Don’t read The 36-Hour Day. That’s the book that a lot of people talk about when they talk about dementia, but it’s not a good fit for where you’re at if you’re just starting to reckon with dementia. It will just freak you out and leave you feeling daunted. Do read On Vanishing by Lynn Casteel Harper, Creative Care by Anne Bastings, or maybe Travelers to Unimaginable Lands by Dasha Kiper.
Your parent’s brain isn’t the only one that is going to grow and change in the next decade. So is yours! In some ways, it will be hard—Kiper argues that it is the caregiver’s brain that can’t evolve most dramatically, not the afflicted. In some ways, it will be beautiful—caring for someone with dementia grows your capacity to be creative and present and physically loving and can transform you into someone who has no time for bullshit. (I’ve got a whole annotated list of books on dementia here.)
Finally, I’ll remind you of a few things I’ve written before that might make you feel accompanied:
The gift of the fallen stranger - the first newsletter I ever wrote about my dad’s diagnosis
The unbearable lightness of biography - a newsletter about the weight of telling other people about my dad as he loses his memory
Longing for a more palliative world - a newsletter about witnessing others respond to my dad as his capacities fade
There’s a lot more where that came from if you look through the archive on elder care of Examined Family.

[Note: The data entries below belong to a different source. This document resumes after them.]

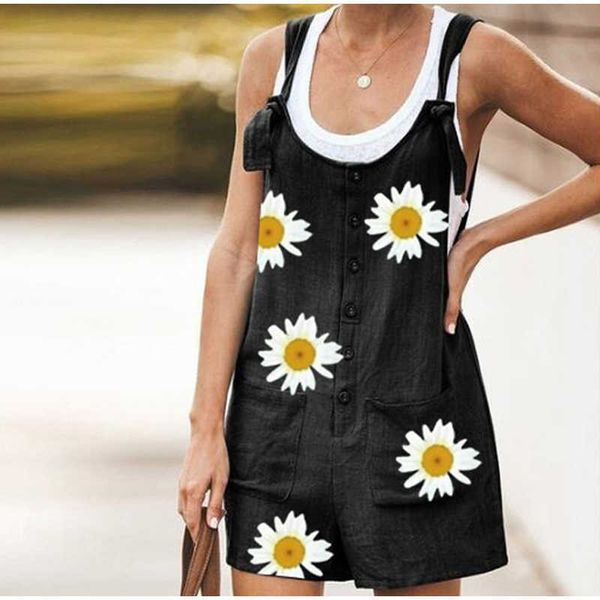 Mulheres Macacões Summer Casual Solta Manger Sem Mangas Botão Sólido Botão Suspensórios Bancos Big Calças Curtas Pens Largo Playsuits Macacões 210709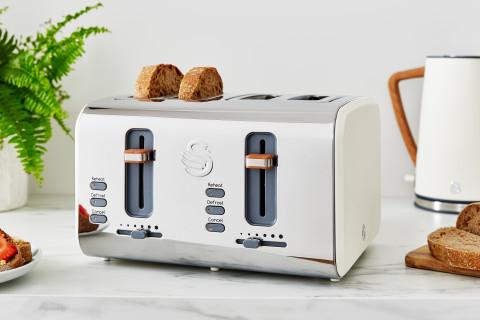 Produktbild Swan ST14620WHTN Toaster 4 Scheibe(n) Edelstahl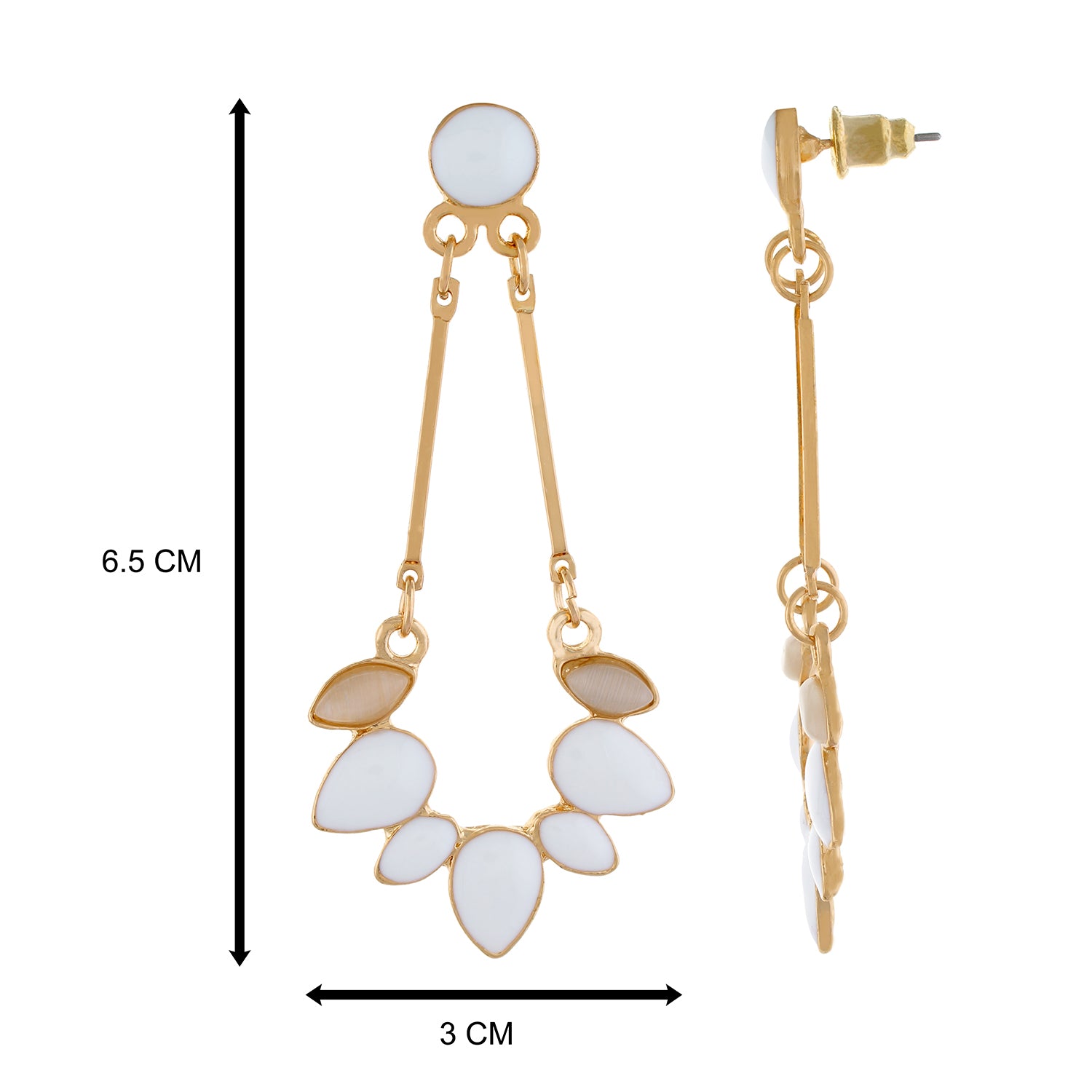White colour Drop Design Hanging Earrings for Girls and Women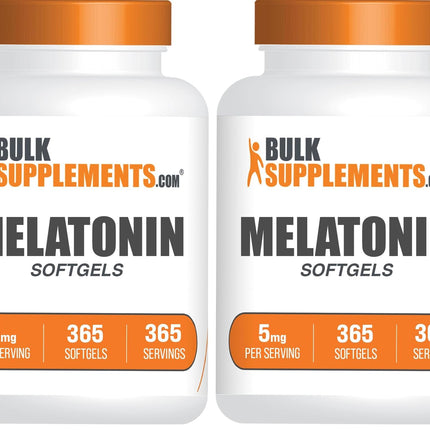 BulkSupplements Melatonin 5 mg Softgels – Sleep Support for Adults, 5 mg per Serving, Gluten Free, 365 Count (Pack of 2)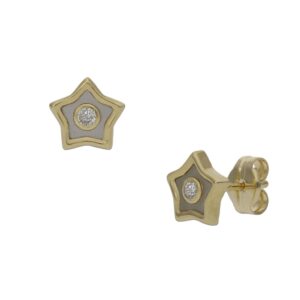 Pendientes oro 18kl estrellas + nacar - 6mm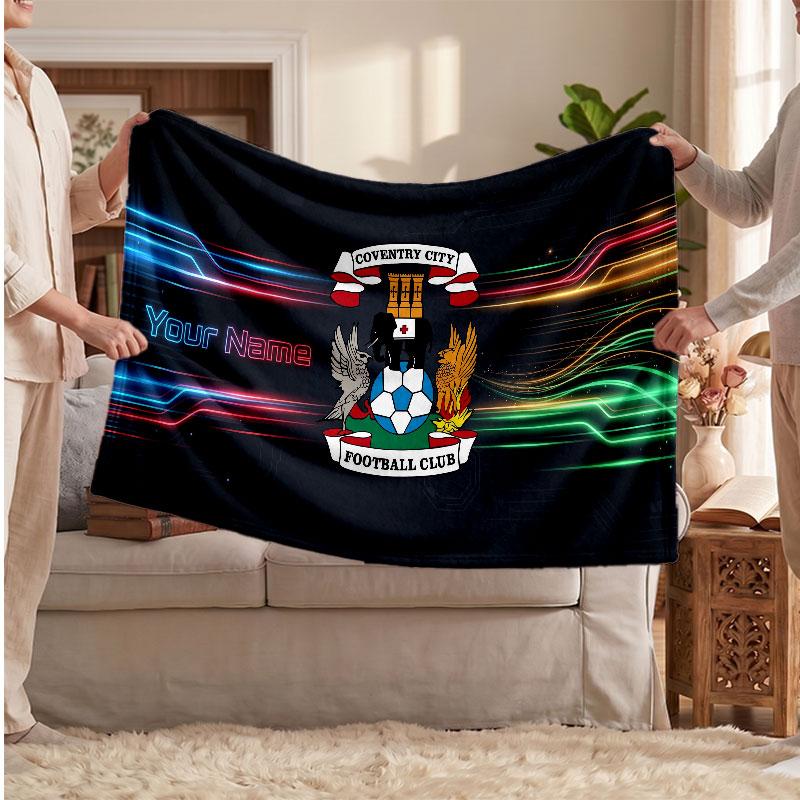 Coventry City Personalized Fleece Blanket With Football Logo, Custom Name Text Soft Warm Home Throw Blanket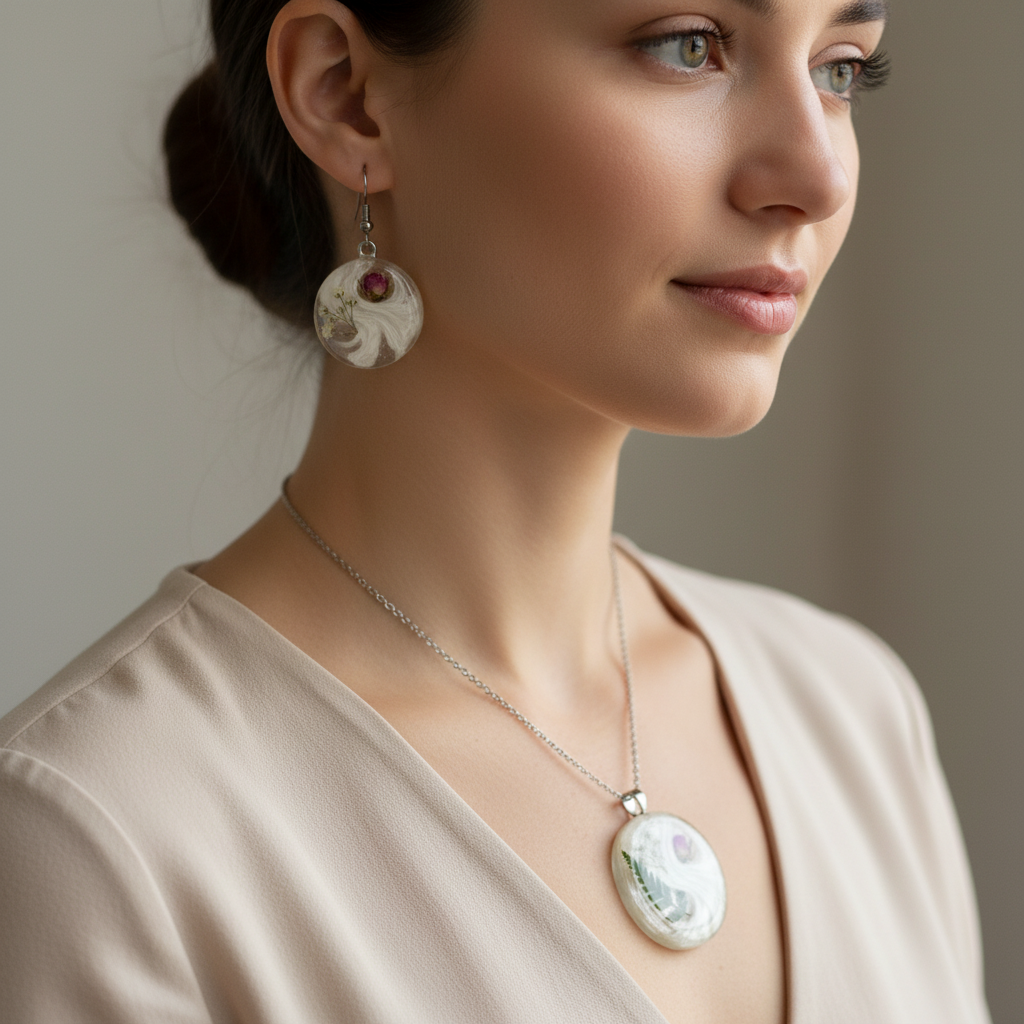 White Botanical Pearl Resin Jewelry Set - Worn on Model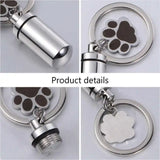 Pet Keychain Cylinder Key Chain with Paw Print Memorial Urn Necklace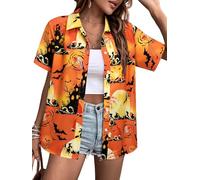 Womens Halloween Hawaiian Shirt Cute Pumpkin Ghosts Print Button Down Shirts Short Sleeve Loose Fit Castle Blouses Tops, Orange, L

And finally, I return to the beginning: you are not alone. I am here with you, as are 7+ million other people (and probably twice that, really) who love someone with dementia. You are not alone.





My friend just turned me onto this awesome website - another great resource: https://www.beyondmemory.org/
Courtney’s wisdom is incomparable! Perhaps I’m the only reader who at age 87 and the parent/grandparent of 6, wonder what my own kids are thinking about me?
Of course, we have discussed this because both my younger brother and mother died of Alzheimer’s a decade ago. But what are they really thinking? I’d like more thoughts from octogenarians like my spouse and me before we contemplate diagnosing us. From all my experience, such diagnosis tells us little about how to cope with the world of problems that remain.